Top 100 American Movie Quotes of the 21st Century: #12

The actor:Tommy Lee Jones
The character:Ed Tom Bell
The film:No Country for Old Men
The line:“But I don’t want to push my chips forward and go out and meet something I don’t understand. A man would have to put his soul at hazard.”

Theoden, at the end of his rope and the innermost chambers of Helm’s Deep, allows himself a rhetorical question, one which bleeds his despondency. “What can men do against such reckless hate?” Aragorn, who is not really a guy who deals in rhetorical questions, replies, “Ride out with me. Ride out and meet them.” Ed Tom Bell is a good guy, but he’s not Aragorn. There’s no “Ride out and meet them” in his system, not at this age, not at this moment in history. In the years of Middle-earth, enormous battles are met across a continent. In the late 20th Century in rural Texas, good and evil are such atomized entities that never meet one another.

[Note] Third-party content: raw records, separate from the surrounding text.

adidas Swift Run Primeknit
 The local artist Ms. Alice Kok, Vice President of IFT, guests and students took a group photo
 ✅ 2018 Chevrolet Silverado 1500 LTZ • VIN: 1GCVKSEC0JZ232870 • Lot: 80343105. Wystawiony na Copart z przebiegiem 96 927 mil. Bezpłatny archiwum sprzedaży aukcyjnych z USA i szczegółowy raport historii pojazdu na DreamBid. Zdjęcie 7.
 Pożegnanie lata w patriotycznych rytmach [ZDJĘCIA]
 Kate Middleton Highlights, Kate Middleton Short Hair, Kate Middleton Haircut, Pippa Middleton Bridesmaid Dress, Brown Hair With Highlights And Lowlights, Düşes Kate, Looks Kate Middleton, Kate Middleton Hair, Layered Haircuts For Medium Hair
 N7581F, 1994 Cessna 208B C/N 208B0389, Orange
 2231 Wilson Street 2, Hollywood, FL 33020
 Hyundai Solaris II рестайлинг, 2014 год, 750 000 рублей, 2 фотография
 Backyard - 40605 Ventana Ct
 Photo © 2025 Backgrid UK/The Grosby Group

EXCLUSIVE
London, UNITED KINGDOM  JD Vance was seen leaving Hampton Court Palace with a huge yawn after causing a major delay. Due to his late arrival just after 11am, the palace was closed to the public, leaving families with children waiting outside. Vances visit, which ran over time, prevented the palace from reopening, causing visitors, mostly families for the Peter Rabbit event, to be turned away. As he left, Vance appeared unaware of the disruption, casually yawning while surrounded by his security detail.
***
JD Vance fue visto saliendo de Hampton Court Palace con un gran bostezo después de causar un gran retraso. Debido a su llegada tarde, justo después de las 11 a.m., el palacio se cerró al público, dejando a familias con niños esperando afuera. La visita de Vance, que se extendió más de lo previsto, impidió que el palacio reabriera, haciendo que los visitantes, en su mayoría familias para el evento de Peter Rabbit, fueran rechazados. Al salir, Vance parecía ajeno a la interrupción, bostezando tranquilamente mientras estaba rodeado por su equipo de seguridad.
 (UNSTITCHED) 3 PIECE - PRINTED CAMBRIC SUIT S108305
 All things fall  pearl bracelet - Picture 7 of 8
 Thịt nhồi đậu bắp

We’ve all heard “too smart for his own good.” Ed Tom Bell is better described as “too wise for the job he has.” He understands, with an intimacy that very few people around him can empathize with, that there are people who are beyond reason or decency. Wendell doesn’t understand, even if he’s a willing deputy who brings a retriever’s enthusiasm to the chase.

Arguably the most chilling killer in the movie is not Chigurh but the unnamed murderer from the film’s opening monologue. “Told me that he’d planned to kill somebody for about as long as he could remember,” Ed Tom says. “Said that if they turned him out he’d do it again…I don’t know what to make of that. I sure don’t.” We can let ourselves pretend that Chigurh does what he does for money; we can rationalize his actions even if we can’t moralize them. That guy who goes to electric chair and knows he’s going to Hell is not someone we can understand. Maybe we can’t even allow him to live in a society with the rest of us; it’s not a pretty thought, and the ramifications of what it would mean for us to tolerate him are shuddering.

At the end of his career (and not to rely excessively on the title of the movie, but), Ed Tom is essentially on that “one last job” that has fired up so many movies about cops. The choice he’s shying away from in this line is a choice he’s making for the rest of his life, for the after-sheriff period, however long that may last. He’s two or three steps behind Chigurh and Moss, though by the end of the movie it feels much more like one or two steps. Ed Tom gets close enough to witness catastrophic levels of damage, but he never does have to put his soul at hazard. He witnesses without engaging.